Assignment: Set down only these lines, exactly: the line containing "Dark Pine 79" and all lines through the end of the data below. Omit pictures.

Captioned web images
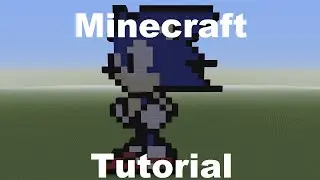 Minecraft Pixel Art Tutorial - Sonic The Hedgehog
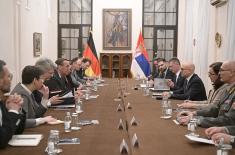 Serbian Minister of Defence meets with German counterpart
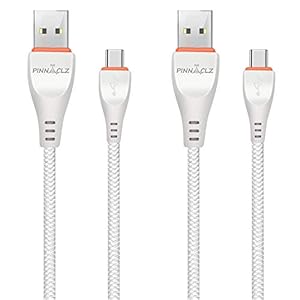 Pinnaclz Original Combo of 2 USB Type C Fast Charging Cable, USB C Data Cable for Charging and Data Transfer Smart…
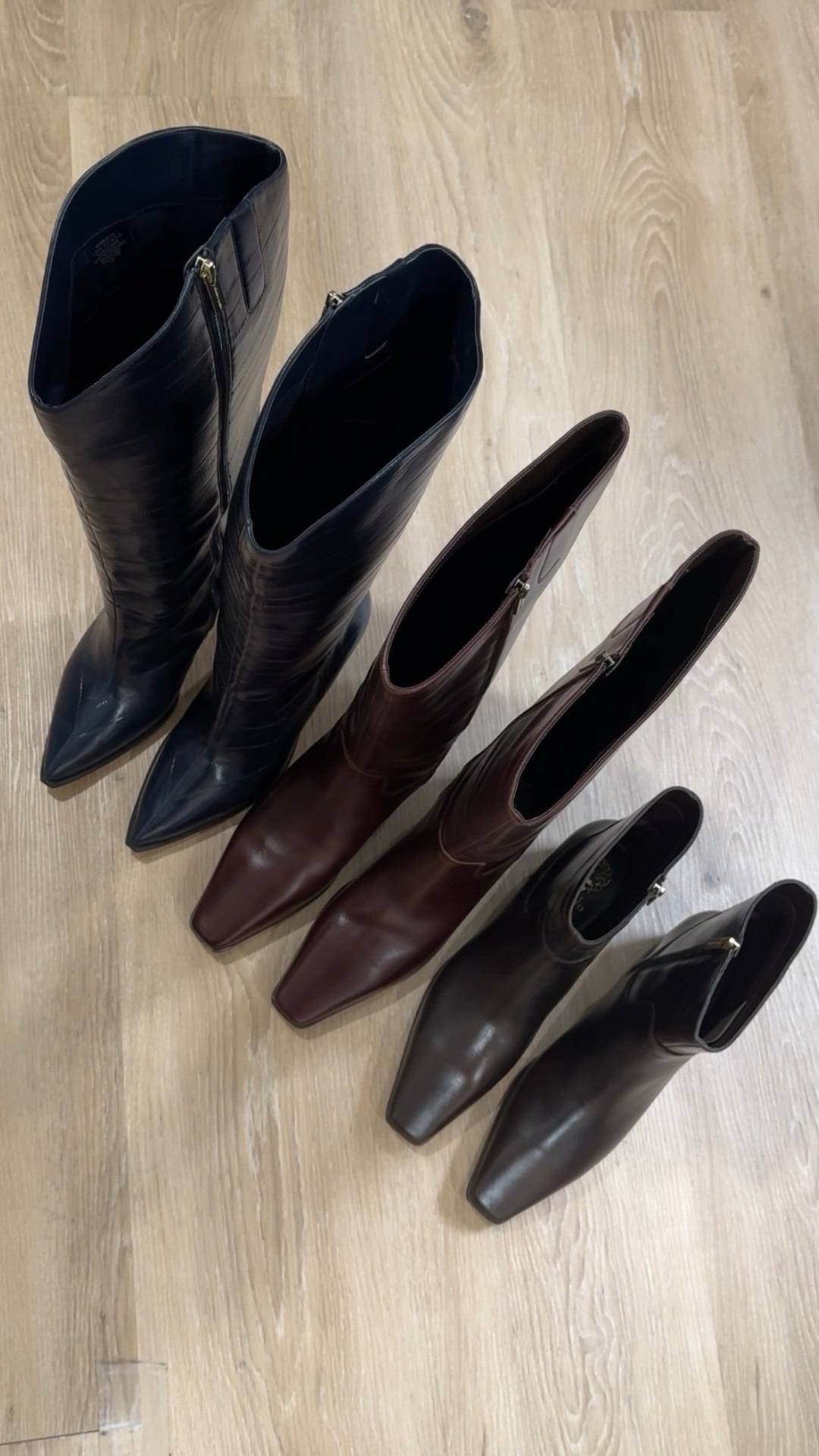One boot was never going to be enough. I picked three completely different @vincecamuto styles for fall: an unexpected navy tall boot, a rich burgundy riding boot, and a higher-shaft bootie.
Three different vibes, three different ways to change the whole attitude of an outfit. Which one are you picking: 1, 2 or 3? 👇🏾
Shop all three + the looks here.
 #VinceCamutoPartner #ad

#LTKootd #LTKSeasonal #LTKPlusSize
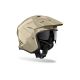 Casque moto jet Airoh 2026 Kombakt Color - Beige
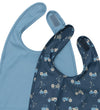 CeLaVi Slabbetjes - 2-pack - Lang - PU - Blue Hemel - CeLaVi - OneSize - Slabbetjes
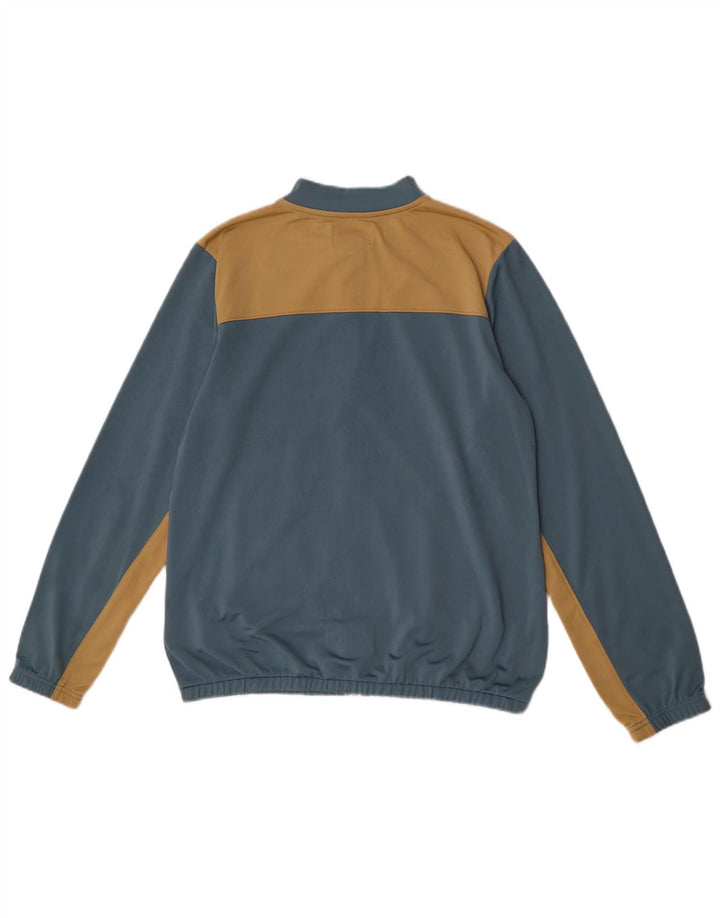 CONVERSE Jungen-Trainingsanzug, Top-Jacke, 13–14 Jahre, XL, Blau, Farbblock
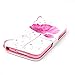 Uncle.Y Galaxy S5 Case, S5 Case, Samsung Galaxy S5 Case, Wallet Flip PU Leather Case Folio Protector Cover Case with Card Holder and Strap Case for Samsung Galaxy S5 I9600 (Flower)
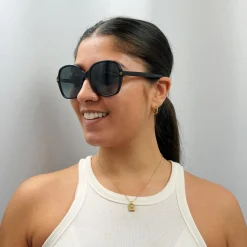 Gucci Gucci|Square^Sunglasses GG0092S 001 Black Grey Gradient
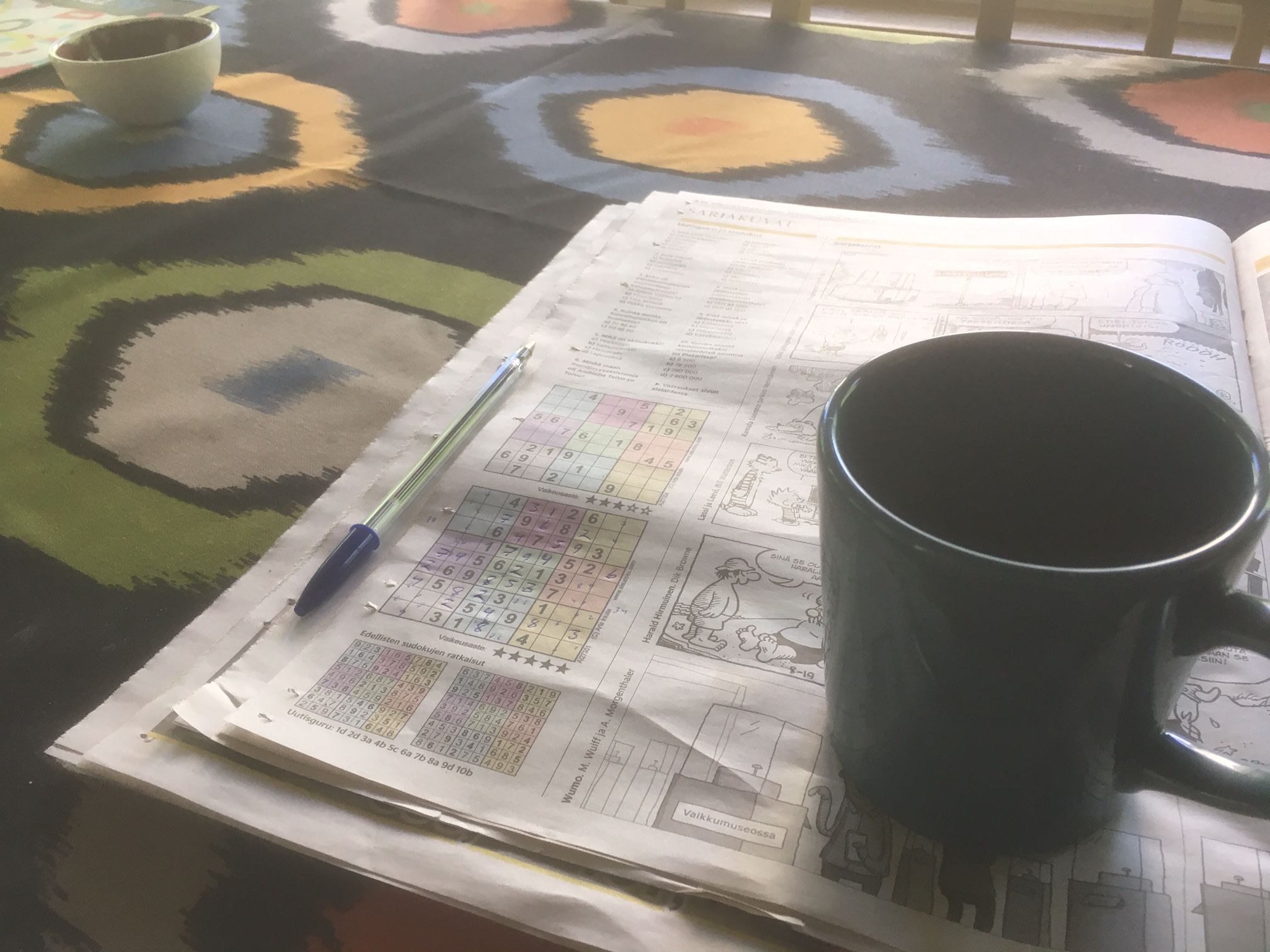 Hesarin sudokuista ratkaisen sen vaikeamman.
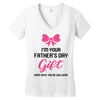 I'm Your Father's Day Gift Mom Says You're Welcome Baby Girl Women's V-Neck T-Shirt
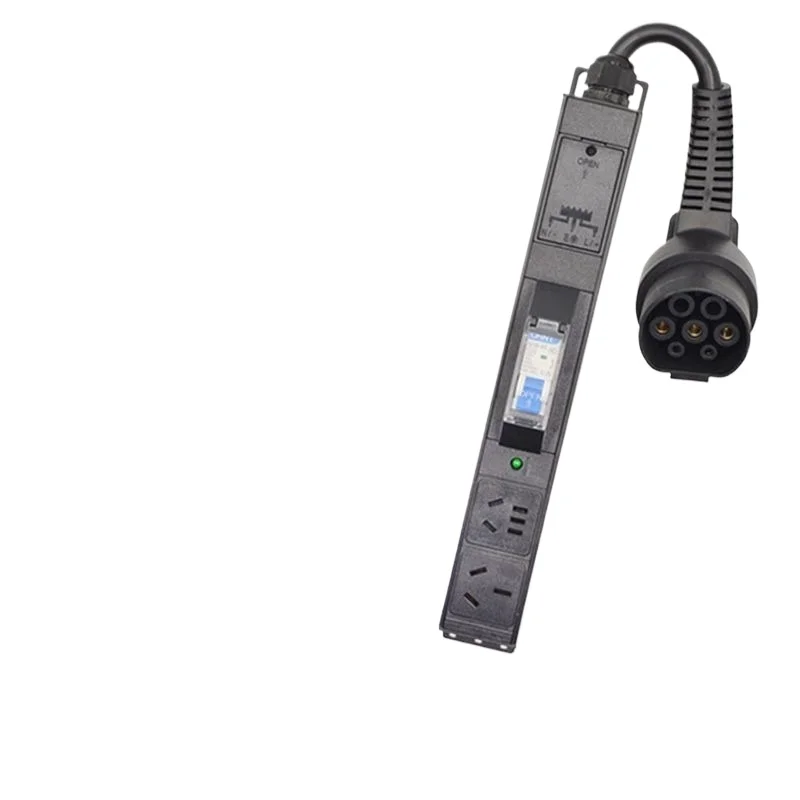 Charging pile, high-power electrical appliance, safe empty opening, double socket 220v AC conversion, row plug, RV electric moto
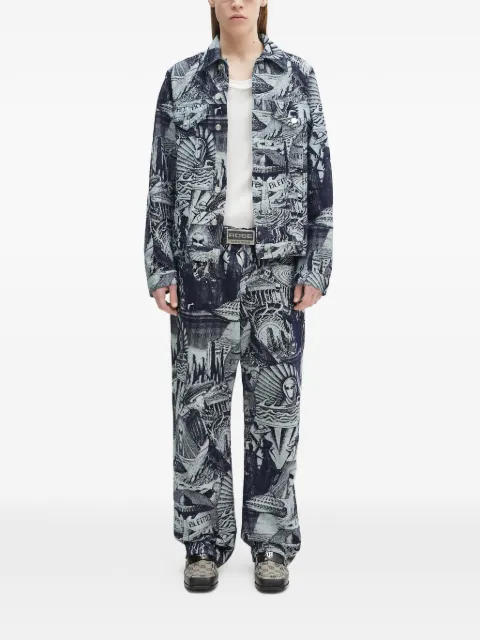 Aries graphic-print jeans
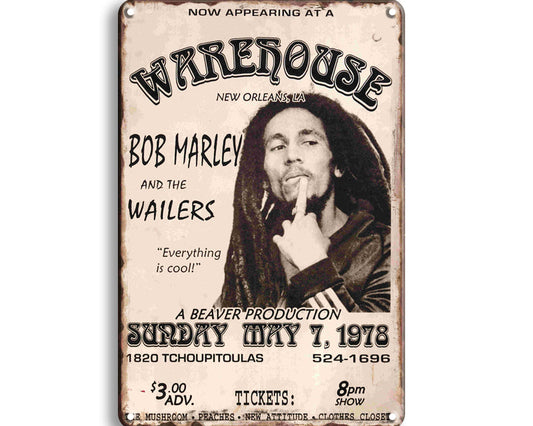 Metalen wandbord | Bob Marley and The Wailers | Warehouse |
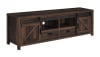 Dark Pine 79 Inch TV Console by Coaster - 736273 - Image 3 of 0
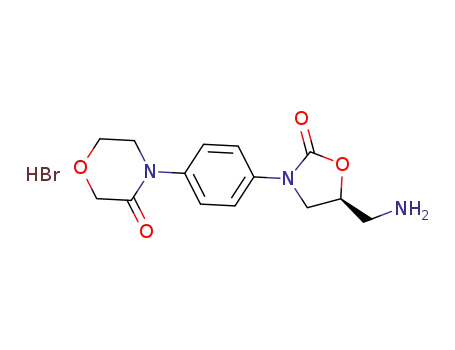 4-{4-[(5S)-5-(aminomethyl)-2-oxo-1,3-oxazolidin-3-yl]phenyl}morpholin-3-one hydrobromide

Your solution:
 Dark Pine 79 Inch TV Console by Coaster - 736273 - Image 3 of 0
 4-{4-[(5S)-5-(aminomethyl)-2-oxo-1,3-oxazolidin-3-yl]phenyl}morpholin-3-one hydrobromide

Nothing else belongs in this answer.